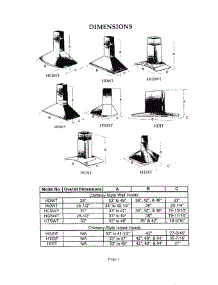 03 - Dimensions parts for Thermador HTDI54TS from AppliancePartsPros.com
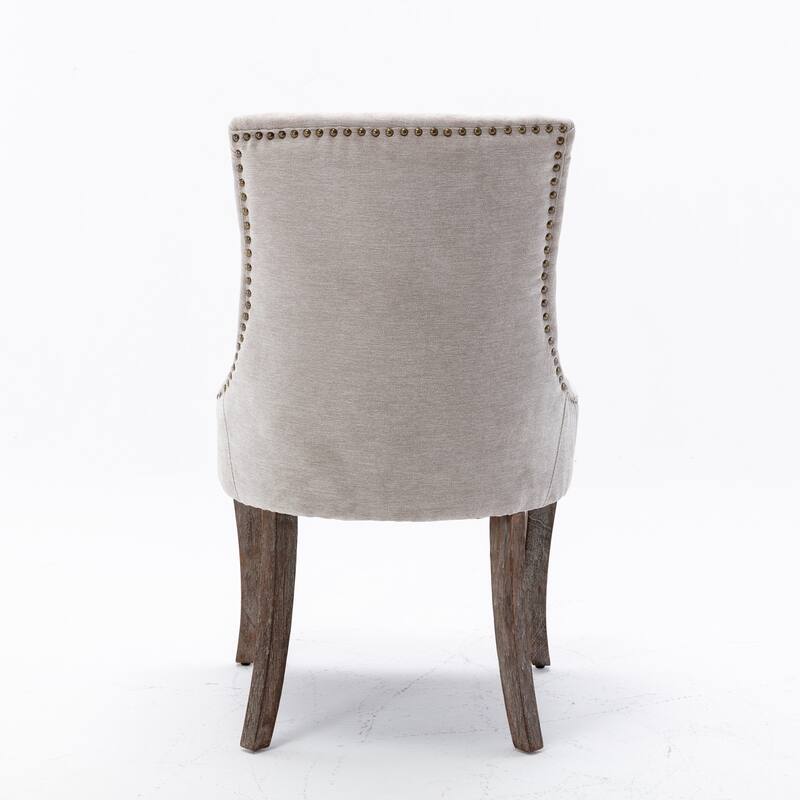 Set of 2 Ultra Side Dining Chairs with Wood Legs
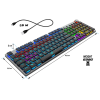 Clavier gaming mécanique Sans Fil RGB Spirit of Gamer XPERT-K1500 / RED SWITCHS / Noir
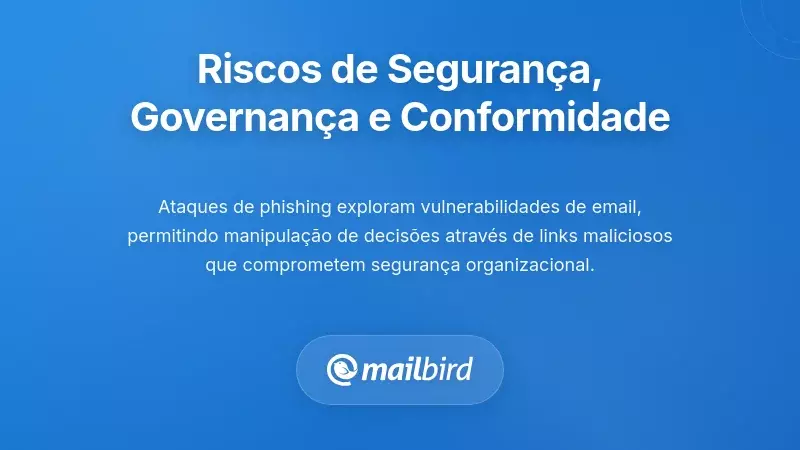 Ilustra&ccedil;&atilde;o dos riscos de seguran&ccedil;a do email incluindo amea&ccedil;as de phishing e spoofing nos processos de decis&atilde;o de equipa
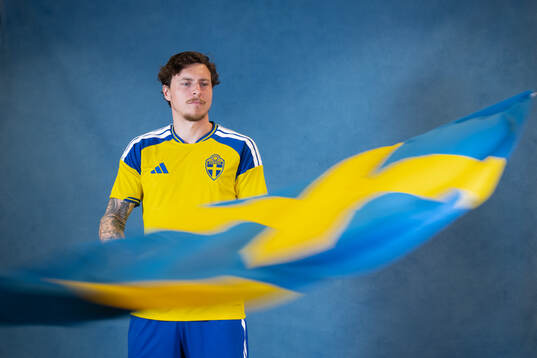 Victor Nilsson Lindelöf of the Swedish national football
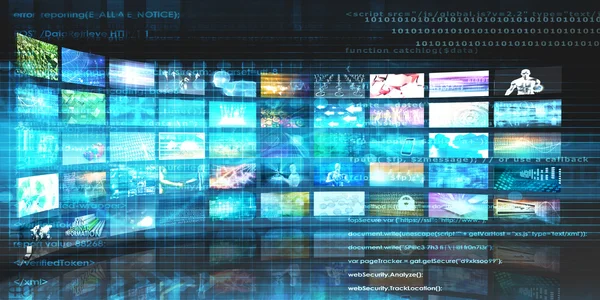 Media Technologies Concept — Stock Photo, Image
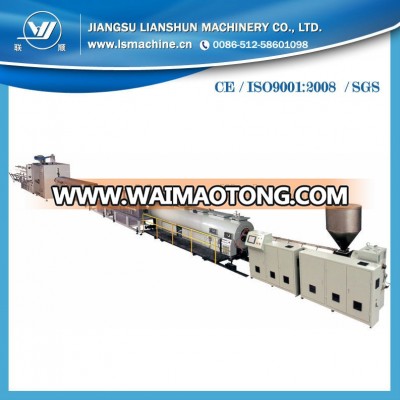 pvc conical twin screw plastic production line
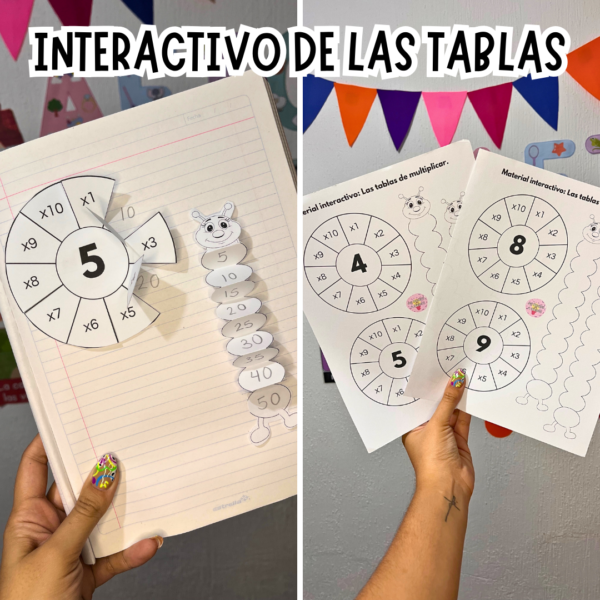 Interactivo de las tablas de multiplicar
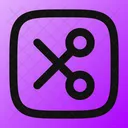 Scissor Rectangle Scissor Cut Icon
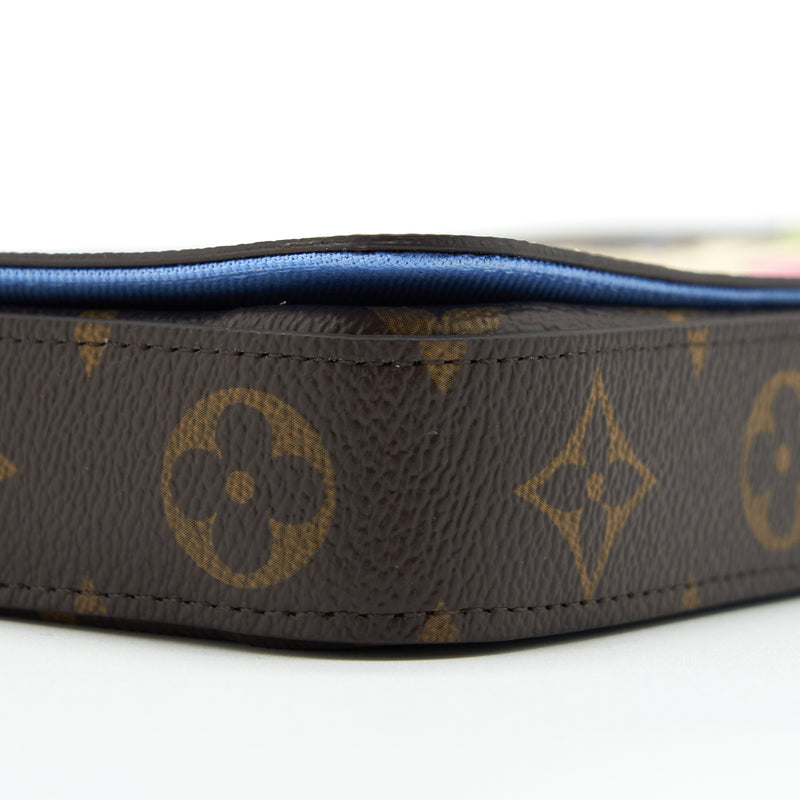 Louis Vuitton Felicie Pochette Limited Edition Monogram Canvas GHW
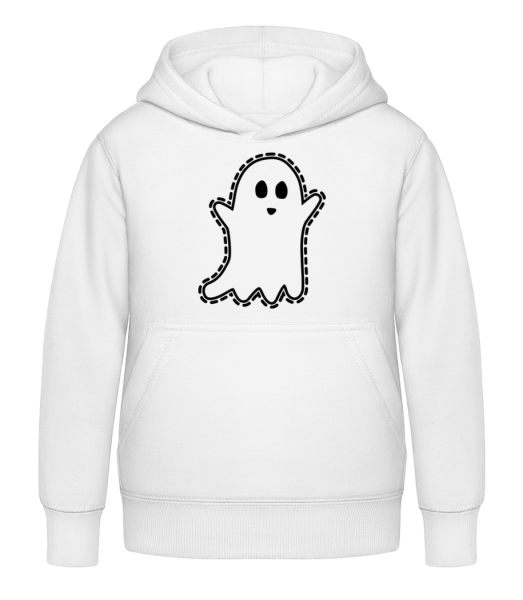 Ghost - Kid's Hoodie - White - Front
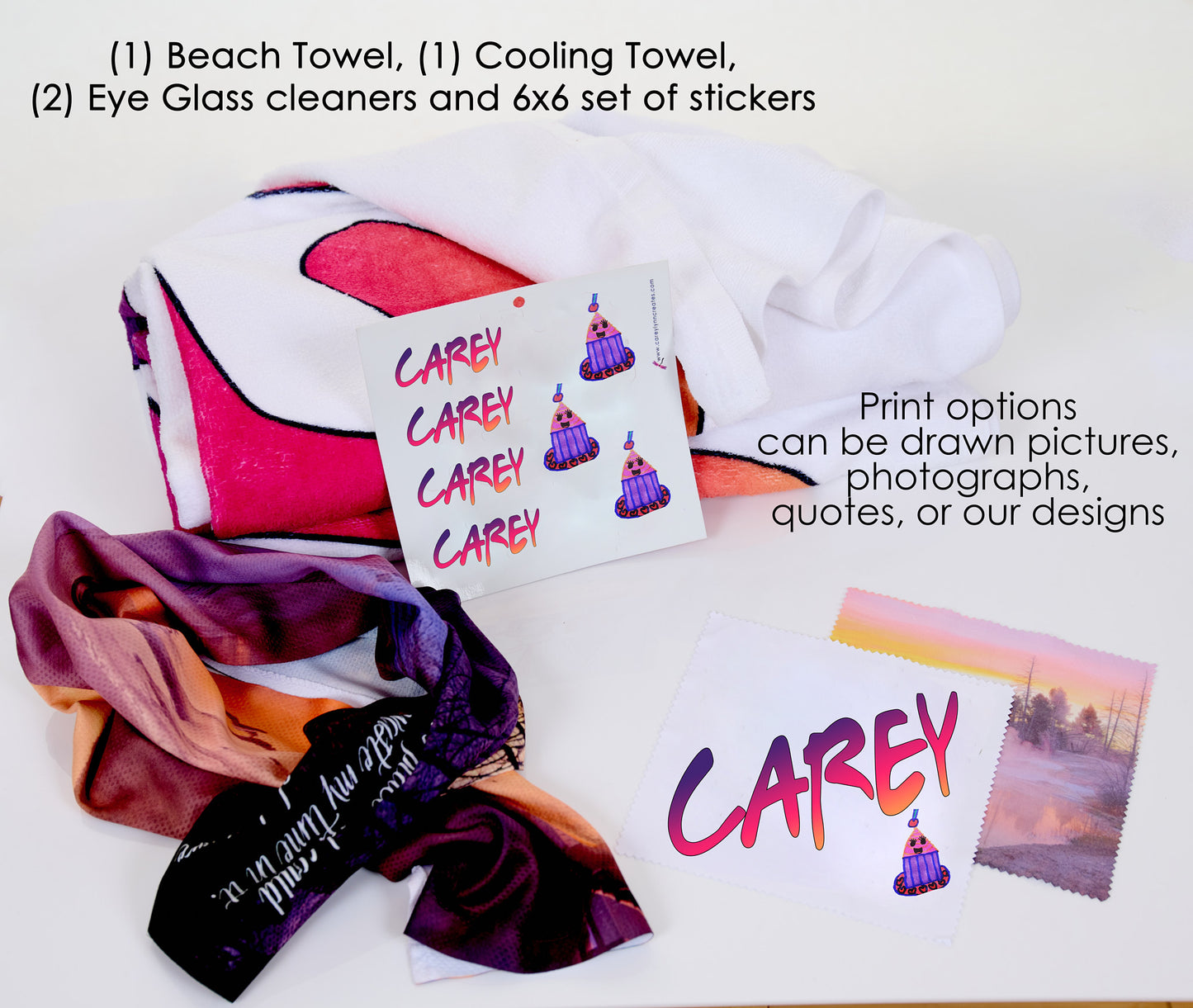 Colored Towels Upgraded Package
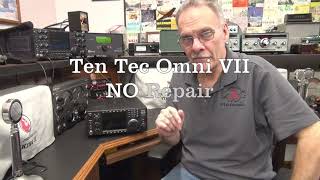Ten Tec Omni VII Ham transceiver easy job turned bad NO repair past maintenance Red Flags
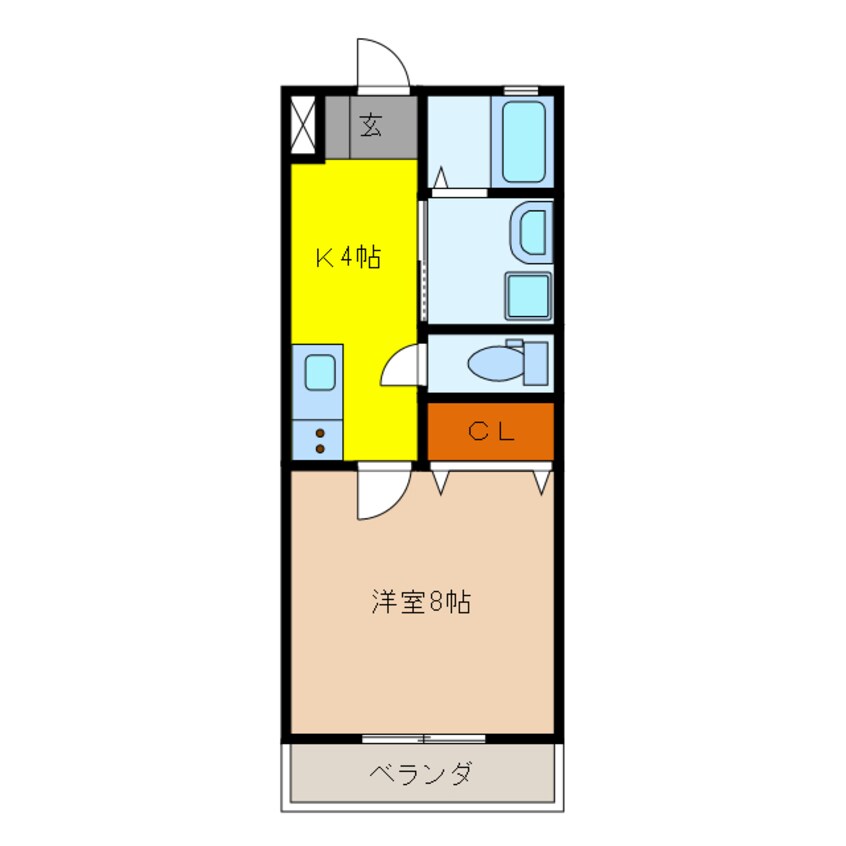 間取図 PRIME天王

□ □ □

• **Required action**:
Word for word, restate the lines from the line with "Scissor Rectangle Scissor Cut Icon" through the last line of the entries, and nothing beyond them. Omit pictures.

• **Answer box**:
 Scissor Rectangle Scissor Cut Icon
 Louis Vuitton Felicie Pochette Limited Edition Monogram Canvas GHW
 Ghost - Kid's Hoodie - White - Front
 Colored Towels Upgraded Package
Ten Tec Omni VII Ham transceiver easy job turned bad NO repair past maintenance Red Flags
 間取図 PRIME天王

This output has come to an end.